Chef’s tip: To peel tomatoes, make a shallow “X” on the bottom of the tomatoes. You want to just run the knife on the tomatoes, not make deep cuts. Bring a pot of water to boil. Blanch the tomatoes in the boiling water, for about 30 seconds, then immediately plunge them into a bowl of cold water. Using your fingers, gently slip off the skin starting from the X.
Ingredients:
1 box 12-oz extra firm tofu, drained
1 large yellow onion, sliced
3 small tomatoes, peeled
2 Tablespoons olive oil
1 teaspoon mustard seeds
1/2 teaspoon cumin seeds
1/2 teaspoon kosher salt
1. Drain tofu and place on a flat plate. Place another plate on op of the tofu, put a heavy can of beans on top of the plate to weigh down the plate and drain the tofu for 10 minutes. Pour off any liquids.
2. Slice onions thinly and soak them in a big bowl of cold water for 10 minutes, drain.
3. Peel the tomatoes and discard skin. Chop tomatoes coarsely.
4. In a small saute pan, heat the olive oil. When it’s warm, add the mustard seeds and cumin seeds and saute till they pop. Add the drained onions, and saute for 2 minutes till it’s wilted but still light in color. Add the chopped tomatoes and salt and cook for another 5 minutes until the tomatoes has reduced and coat the onion. Adjust seasoning if necessary.
5. Cut the tofu block into half. Slice each half into four pieces.
6. Build the napoleon by sandwiching the tomato-onion mixture between the tofu slices.
7. Drizzle the completed tofu napoleon with some olive oil and serve immediately.
Serves 2.
* Masala Chai Tea
Posted on September 6th, 2008 by Linda. Filed under Beverages, Cinnamon, Cloves, Fennel, Indian, Spices, Star anise, Vegetarian.
Spiced sweetened milk tea. Every Indian family has their own recipe to make chai, but the most important base spice is cardamon. And you just don’t throw in some cardamoms; you have to tear the pods apart lovingly with your hands. My friend, Monis Rahman, taught me that. Somehow, working the cardamoms with your hands, brings out all the essential oils in the spice….or so he says. The sweet fragrance of cardamon mixed with other spices such as fennel, cloves and cinnamon gives the tea a heady aroma. The tea is simmered slowly to extract its full strength.
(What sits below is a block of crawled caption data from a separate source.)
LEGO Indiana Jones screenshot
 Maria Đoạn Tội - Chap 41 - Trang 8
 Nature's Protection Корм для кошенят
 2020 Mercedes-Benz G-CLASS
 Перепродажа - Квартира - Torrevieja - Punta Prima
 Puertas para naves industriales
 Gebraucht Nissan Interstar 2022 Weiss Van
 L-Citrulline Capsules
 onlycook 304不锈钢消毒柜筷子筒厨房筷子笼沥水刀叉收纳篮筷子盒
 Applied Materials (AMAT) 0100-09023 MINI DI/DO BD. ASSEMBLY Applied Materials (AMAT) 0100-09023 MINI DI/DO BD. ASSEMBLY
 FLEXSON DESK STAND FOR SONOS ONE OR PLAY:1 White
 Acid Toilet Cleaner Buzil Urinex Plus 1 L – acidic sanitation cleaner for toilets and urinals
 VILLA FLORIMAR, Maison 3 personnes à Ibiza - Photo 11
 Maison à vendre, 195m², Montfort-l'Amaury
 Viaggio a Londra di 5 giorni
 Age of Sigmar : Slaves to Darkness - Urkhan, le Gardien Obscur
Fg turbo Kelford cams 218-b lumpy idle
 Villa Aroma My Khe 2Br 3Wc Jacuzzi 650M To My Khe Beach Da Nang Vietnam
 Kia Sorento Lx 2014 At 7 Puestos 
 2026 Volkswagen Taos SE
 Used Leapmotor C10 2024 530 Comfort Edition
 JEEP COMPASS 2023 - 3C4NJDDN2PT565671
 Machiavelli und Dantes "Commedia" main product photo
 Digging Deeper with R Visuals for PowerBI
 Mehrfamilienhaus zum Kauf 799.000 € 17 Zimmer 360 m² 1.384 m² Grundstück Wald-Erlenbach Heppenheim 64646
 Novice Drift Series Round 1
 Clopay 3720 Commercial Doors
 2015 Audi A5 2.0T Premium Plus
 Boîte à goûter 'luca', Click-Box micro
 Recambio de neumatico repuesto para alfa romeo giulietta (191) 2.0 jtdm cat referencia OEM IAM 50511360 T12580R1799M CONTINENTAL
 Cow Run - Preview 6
Goes really well with curries and hot foods. The tea is addictive! You won’t stop at just one cup.
Ingredients
Some cheesecloth and kitchen twine
15 cardamon pods
1 star anise
5 pieces cloves
2 tablespoons fennel seed
2 sticks cinnamon
7 1/2 cups water
10 teabags Orange Pekoe tea (Lipton, PGs, Tetleys or any other British brand teas)
3 cups evaporated milk
8 tablespoons sugar
Directions:
1. Place spices (except for cinnamon sticks) in a cheesecloth or a teaball and bundle tightly together with kitchen twine.
2. In a large pot, add water, teabag, spice bag and cinnamon sticks and bring to a gentle boil. When it boils simmer under a slow fire for about 20 minutes.
3. Remove spice bag, teabags and cinnamon sticks.
4. Mix in milk and sugar. Bring back to a boil.